FIG. 6 is a top elevation view of the clamp device 10 wherein the thumb screws 22 are removed to more clearly show a pair of threaded holes 82 spaced apart along the outer lip portion 24 of the lower jaw plate 18 of the elongated jaw portion 12. The threaded holes 82 extend through the lower jaw plate 18 between a substantially planar outer surface 84 and the inner surface 70. The thumb screws 22 are threaded into the mouth opening 14 through the threaded holes 82 of the lower jaw plate 18. However, as discussed herein above, the thumb screws are optionally provided through the upper jaw plates 16 wherefore the threaded holes 82 are rather formed through the upper jaw plate 16, without deviating from the scope and intent of the present invention.

FIG. 7 is a back elevation view of the clamp device 10 wherein the thumb screws 22 are spaced apart on opposite sides of the ball-end coupler 38. As illustrated here, the threaded shafts 74 of the thumb screws 22 are optionally sized shorter than the mouth opening 14 when threaded through the lower jaw plate 18. The intended use of the novel clamp device 10 is for being fitted over the edge protrusion 26. The edge protrusion 26 has a finite minimum thickness.

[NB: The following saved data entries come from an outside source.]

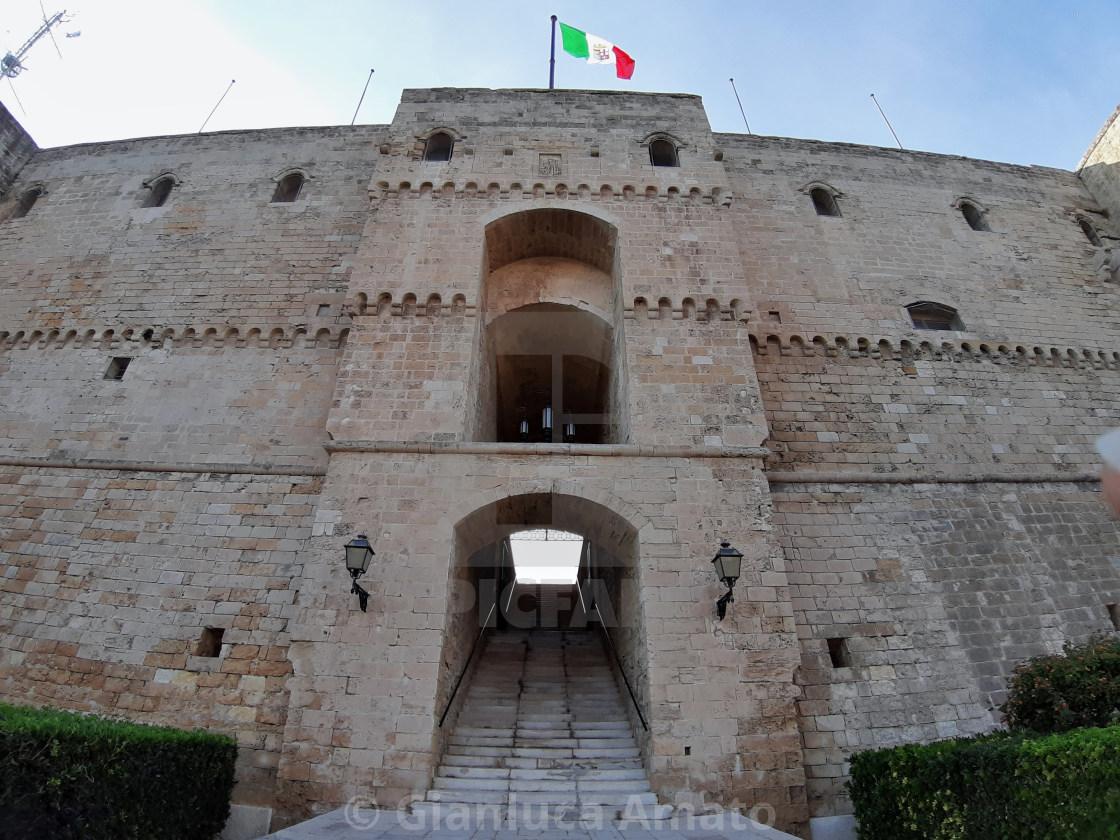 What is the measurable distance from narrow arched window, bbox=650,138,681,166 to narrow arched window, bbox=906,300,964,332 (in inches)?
222

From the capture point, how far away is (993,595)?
810 cm

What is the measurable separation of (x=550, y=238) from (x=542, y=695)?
8103 mm

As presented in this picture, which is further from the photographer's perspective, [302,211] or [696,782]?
[302,211]

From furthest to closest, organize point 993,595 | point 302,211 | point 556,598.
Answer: point 556,598 < point 302,211 < point 993,595

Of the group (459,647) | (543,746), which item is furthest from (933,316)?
(459,647)

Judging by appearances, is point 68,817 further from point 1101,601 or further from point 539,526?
point 1101,601

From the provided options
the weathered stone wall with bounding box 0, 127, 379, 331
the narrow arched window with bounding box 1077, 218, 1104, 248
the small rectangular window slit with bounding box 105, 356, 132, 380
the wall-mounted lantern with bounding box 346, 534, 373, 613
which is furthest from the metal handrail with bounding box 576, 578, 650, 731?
the narrow arched window with bounding box 1077, 218, 1104, 248

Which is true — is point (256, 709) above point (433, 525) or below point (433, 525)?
below

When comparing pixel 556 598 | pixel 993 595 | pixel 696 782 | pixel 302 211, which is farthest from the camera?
pixel 556 598

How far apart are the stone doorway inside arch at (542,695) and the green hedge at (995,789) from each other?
2.31 m

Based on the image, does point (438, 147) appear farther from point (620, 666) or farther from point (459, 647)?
point (620, 666)

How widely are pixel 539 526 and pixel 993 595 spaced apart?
6694 mm

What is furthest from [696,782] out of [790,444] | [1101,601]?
[1101,601]

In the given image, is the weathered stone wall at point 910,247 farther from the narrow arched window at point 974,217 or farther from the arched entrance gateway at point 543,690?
the arched entrance gateway at point 543,690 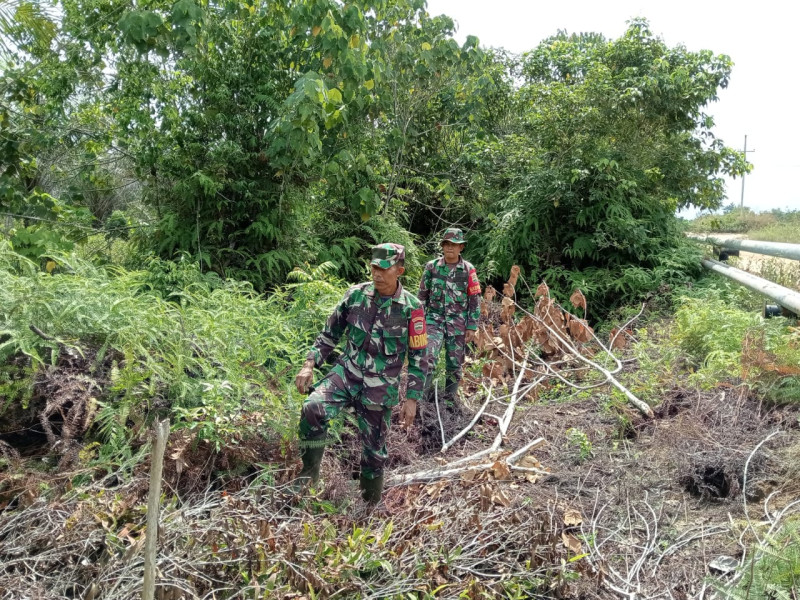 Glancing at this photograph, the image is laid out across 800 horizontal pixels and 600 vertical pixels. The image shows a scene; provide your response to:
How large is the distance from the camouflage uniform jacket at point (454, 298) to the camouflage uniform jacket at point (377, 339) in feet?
7.49

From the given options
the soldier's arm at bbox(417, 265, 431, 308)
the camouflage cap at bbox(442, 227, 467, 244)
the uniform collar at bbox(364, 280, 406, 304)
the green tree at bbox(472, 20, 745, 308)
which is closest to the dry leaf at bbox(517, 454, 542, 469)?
the uniform collar at bbox(364, 280, 406, 304)

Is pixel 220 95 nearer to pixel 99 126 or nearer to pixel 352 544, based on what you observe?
pixel 99 126

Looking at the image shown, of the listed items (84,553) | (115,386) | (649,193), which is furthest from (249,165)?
(649,193)

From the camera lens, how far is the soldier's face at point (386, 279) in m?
3.69

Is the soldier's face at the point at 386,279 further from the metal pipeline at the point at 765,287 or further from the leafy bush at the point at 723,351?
the metal pipeline at the point at 765,287

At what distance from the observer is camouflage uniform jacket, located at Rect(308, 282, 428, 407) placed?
3748 millimetres

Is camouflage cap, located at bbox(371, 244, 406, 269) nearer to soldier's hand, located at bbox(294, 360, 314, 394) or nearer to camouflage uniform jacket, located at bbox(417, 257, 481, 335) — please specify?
soldier's hand, located at bbox(294, 360, 314, 394)

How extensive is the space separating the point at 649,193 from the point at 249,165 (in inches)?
287

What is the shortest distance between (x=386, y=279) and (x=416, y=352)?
54 centimetres

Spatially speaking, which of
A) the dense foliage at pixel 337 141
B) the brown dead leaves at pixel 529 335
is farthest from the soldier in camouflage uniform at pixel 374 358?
the brown dead leaves at pixel 529 335

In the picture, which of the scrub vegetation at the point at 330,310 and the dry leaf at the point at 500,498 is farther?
the dry leaf at the point at 500,498

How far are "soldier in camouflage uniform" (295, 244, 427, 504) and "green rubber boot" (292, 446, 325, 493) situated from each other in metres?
0.20

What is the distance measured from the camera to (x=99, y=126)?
306 inches

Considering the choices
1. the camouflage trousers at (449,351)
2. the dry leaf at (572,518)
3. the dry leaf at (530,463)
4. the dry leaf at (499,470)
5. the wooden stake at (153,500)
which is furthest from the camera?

Therefore, the thumb screws 22 do not need to span the entire width between the upper and lower jaw plates 16, 18. Rather, the thumb screws 22 need only reach far enough to engage the edge protrusion 26 for securing the clamp device 10 thereto. Accordingly, thumb screws 22 with threaded shafts 74 shorter than the full span of the throat 66 project less above the jaw plate 18 external of the jaw portion 12 than would longer thumb screws 22. Thus, although threaded shafts 74 of the thumb screws 22 shorter than the full span of the throat 66 are not a necessary requirement of the clamp device 10, such feature ensures the most streamlined structure relative to the jaw portion 12.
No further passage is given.